First the tree of class 'party'
is created using the
partykit infrastructure.
data("GBSG2", package = "TH.data")
GBSG2$time <- GBSG2$time/365
library("survival")
wbreg <- function(y, x, start = NULL, weights = NULL, offset = NULL, ...) {
survreg(y ~ 0 + x, weights = weights, dist = "weibull", ...)
}
logLik.survreg <- function(object, ...)
structure(object$loglik[2], df = sum(object$df), class = "logLik")
gbsg2_tree <- mob(Surv(time, cens) ~ horTh + pnodes | age + tsize +
tgrade + progrec + estrec + menostat, data = GBSG2,
fit = wbreg, control = mob_control(minsize = 80))
So in this case we want to create a sequence over the range of the
metric variable pnodes
and combine it once with the first
level of the binary variable horTh
and once with the
second.
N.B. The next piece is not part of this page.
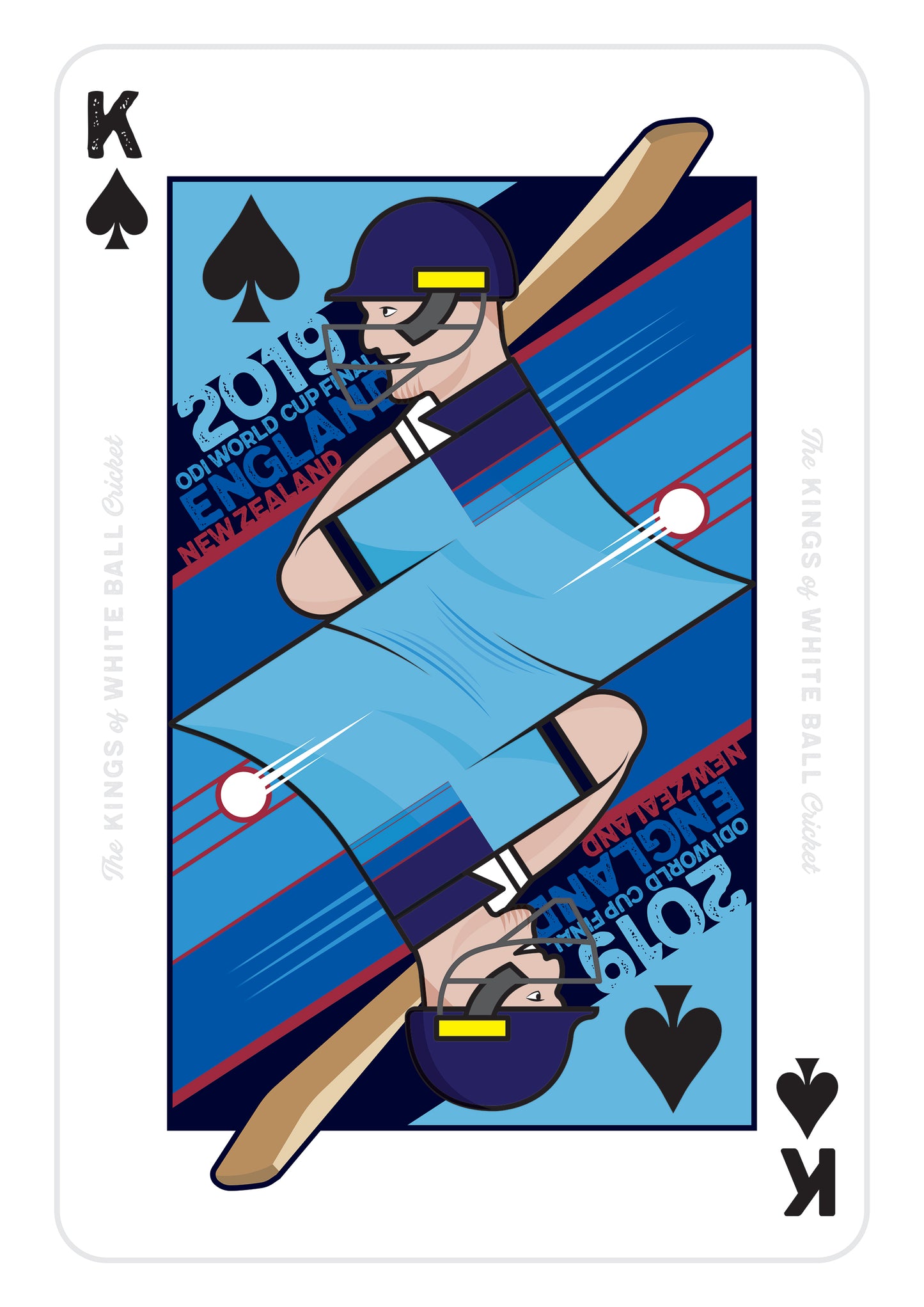 England Cricket - The Kings of White Ball Cricket - World Cup Winners - ODI World Cup 2019 and T20 World Cup 2022 - Playing Cards Poster - Various Sizes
Using this data we then (in this case) need to generate
predictions of the type "quantile"
with p
set
to 0.5
. The function get_predictions()
can
help us with the second part since it applies a newdata
function defined by us to each node and returns a suitable
'data.frame'
.
If we want to use it, we need to supply the 'party'
object,
a function that creates the new data from each node’s data
and optionally predict_arg
, additional arguments to pass to
the predict()
call.
# function to generate newdata for predictions
generate_newdata <- function(data) {
z <- data.frame(horTh = factor(rep(c("yes", "no"),
each = length(data$pnodes))),
pnodes = rep(seq(from = min(data$pnodes),
to = max(data$pnodes),
length.out = length(data$pnodes)),
2))
z$x <- model.matrix(~ ., data = z)
z}
# convenience function to create dataframe for predictions
pred_df <- get_predictions(gbsg2_tree,
# IMPORTANT to set same ids as in geom_node_plot
# later used for plotting
ids = "terminal",
newdata_fun = generate_newdata,
predict_arg = list(type = "quantile",
p = 0.5)
)
The 'data.frame'
created this way can then be passed to
any 'gg'
component in geom_node_plot()
’s
gglist
. In this case we want to draw a line for both values
of horTh
and separate them by color.
ggparty(gbsg2_tree, terminal_space = 0.8, horizontal = TRUE) +
geom_edge() +
geom_node_splitvar() +
geom_edge_label() +
geom_node_plot(
gglist = list(geom_point(aes(y = `Surv(time, cens).time`,
x = pnodes,
col = horTh),
alpha = 0.6),
# supply pred_df as data argument of geom_line
geom_line(data = pred_df,
aes(x = pnodes,
y = prediction,
col = horTh),
size = 1.2),
theme_bw(),
ylab("Survival Time")
),
ids = "terminal", # not necessary since default
shared_axis_labels = TRUE
)
'gg'
Components in gglist
with
"+"
The object passed to gglist
has to be a
'list'
and therefore we must not use "+"
to
combine the components of a geom_node_plot()
but instead
","
.
As we now know, each geom_node_plot()
is basically a
completely separate plot with its own arguments and specifications which
are independent from the base plot of the tree (i.e. the ggparty call
with edges, labels, etc.). For that reason, if for example, we want to
remove the legend of a geom_node_plot()
we must not pass it
at the base level (as a component of the tree) but inside the
gglist
of the geom_node_plot()
.
geom_node_label()
is a modified version of
ggplot2’s geom_label()
which allows for
multi-line labels. However the basic functionality of
geom_label()
is still present. This means that if we are
content with uniform aesthetics for the whole label, we can simply use
geom_node_label()
as we would geom_label()
with the only difference, that x
and y
are
already mapped per default to the nodes coordinates.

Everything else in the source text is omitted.